The speed of this Spectacle is not constant over time. There is an acceleration. Some stand in a hall of mirrors, their own image reflected back in distorted ways. Nothing will come properly into focus.
I’m reading The Communist Manifesto on the train to London and feeling a disconnection between the enthusiasm and potential of nineteenth century revolution and the social construction of the so-called reality in this carriage. But contradictions, tensions, the movements of capital are generally hidden. The image is never what it seems.
It’s raining in London and I’m not in the mood for rain. The streets around Kings Cross are crowded with people pulling suitcases on wheels. Some are sitting in corner pubs watching the rain, the amount of beer in the glass and the time. I’m just watching the rain. It seems to be making instant puddles. A street which a minute or two ago was just a few York stone slabs is now covered with big sheets of water. It’s grey rain and it’s making grey puddles. Oil and petrol make sickly coloured patterns on top of the water in the gutters.

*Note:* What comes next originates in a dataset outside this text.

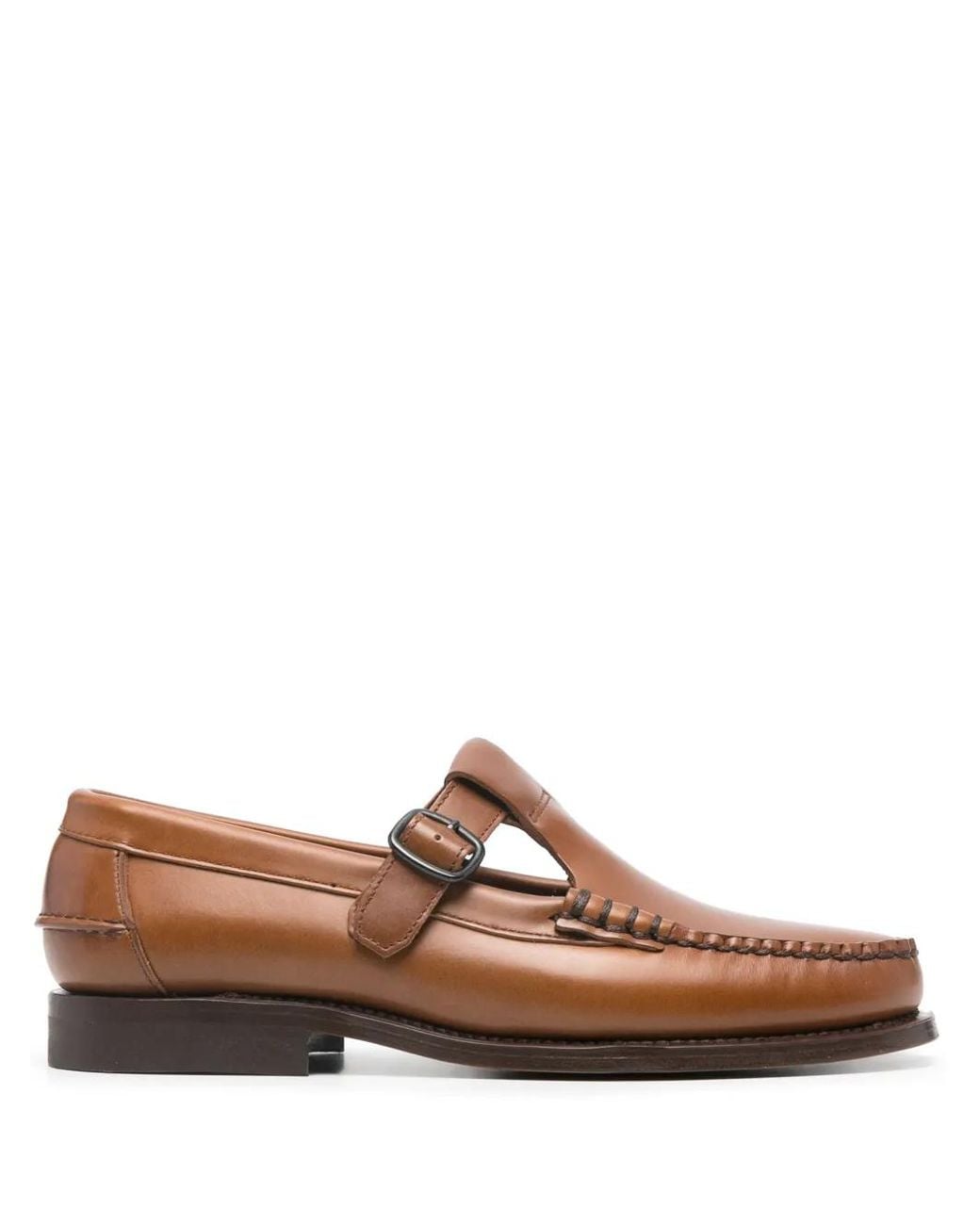 Hereu Brown Loafers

Out into the rain and towards Coal Drops Yard. I quite like parts of this development. I say parts because I like the old industrial buildings and the fact that Central Saint Martins is located here. The students always look new and at least are trying to be a moment or two ahead of the times. And what’s more they at least appear to be full of ideas. They bring a rebellious and anarchic attitude to the place and the faint burning smoke of something anti-corporate.
But there is no time to linger here. I catch the train southwards, through the tunnels and cut and cover and out again into the brick and concrete fields and hills of the jumbled topography of London.
City Thameslink is a strange enigma which has somehow broken through the time-space continuum. On stepping from the station another London is discovered, vaguely familiar but unknown, the landscape of a recurring dream.
A group of followers of Saint-Simon have left the train. They wear bright red sashes, white blouses, black belts, boots with silver buckles. They shout revolution in the streets and declare Utopia. A van of unshaven, unwashed police arrive. They have sour breath and despotic minds, sharing death images on secret apps, arrogant and aggressive. The Saint-Simonians advance and draw their swords.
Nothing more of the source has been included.